Y ante este panorama, tal vez lo peor es que el riesgo de frenar lo poco avanzado y volver a usar más carbón planea sobre un horizonte ya muy enturbiado y una transición que es mucho más difícil de ejecutar de lo que se está contando. Justo antes de la crucial COP26 en la que tanto nos jugamos, todo se ha complicado aún más. Es evidente que no se entiende bien aún qué está pasando y qué nos estamos jugando, y se pretenden hacer valer propuestas que ya llegan fuera de tiempo. No hay tiempo para crecimientos sostenibles y verdes ni para unicornios violetas porque tales cosas no son posibles. Y es Occidente quien ha de liderar, porque ha sido quien lideró los beneficios creados por la creación del problema. Punto.
No se quiere asumir que el decrecimiento y cooperar para alcanzarlo de una manera justa es el único camino. Yendo cada país a su bola, el destino está claro cuál será. Aún quedan Years & Years para El colapso –que no es un punto concreto como correspondería en una producción audiovisual sino un proceso. ¿Pero, alguien sabe dónde está el punto de no retorno? Tanto para cumplir con los retos climáticos e impedir llegar a un nuevo estado catastrófico para la vida, como para afrontar las limitaciones energéticas básicas de un planeta finito, necesitamos planificación conjunta. Pero juntar ambas crisis –ecológica y energética– y pretender resolverlas sin provocar efectos no deseados es la cuadratura del círculo. Si le añadimos seguir creciendo, esa cuadratura es física y termodinámicamente imposible.
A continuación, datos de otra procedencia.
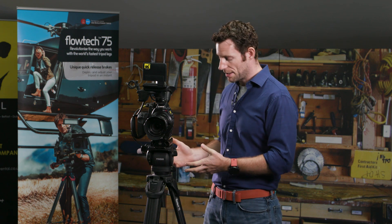There are 75mm bowls, so you've got — like I have here — the Vision Blue head, which works beautifully. You can use other Sachtler or Vinten heads, whatever suits your needs, depending on whatever camera you're going to stick on the top.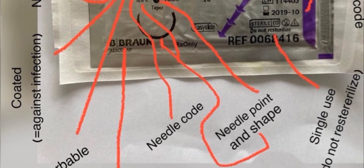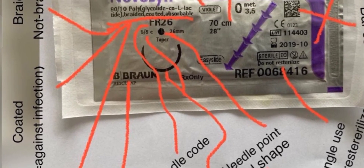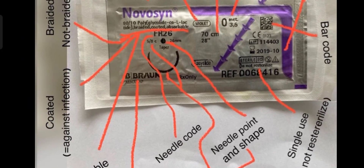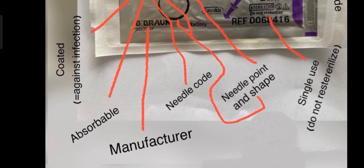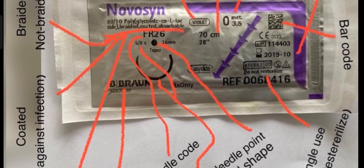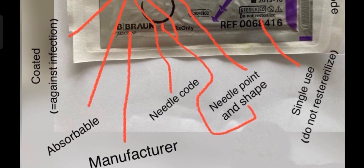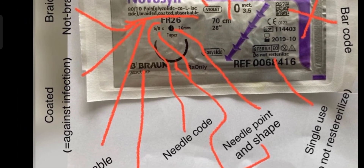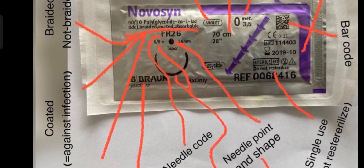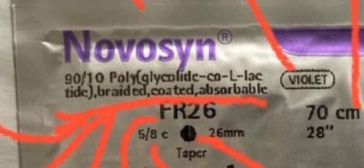This is important — first you are seeing a circle, which depicts the needle point and shape. Then 'FR26' is the needle code. 'Wren' is the manufacturer of this suture. It is written that it is absorbable, meaning it's an absorbable suture, and it is coated against infection — let me zoom in so you can easily see it.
El otro día, otra palabra hasta ahora maldita, decrecimiento, apareció en la portada de The New York Times en su versión internacional diciendo textualmente que era la única solución posible. Quizá se está abriendo una rendija que haríamos mal en no aprovechar porque tememos que con la verdad no se conquistan mayorías o que la población no está preparada. ¿Y si lo está y está esperando que se le diga, para variar, la verdad?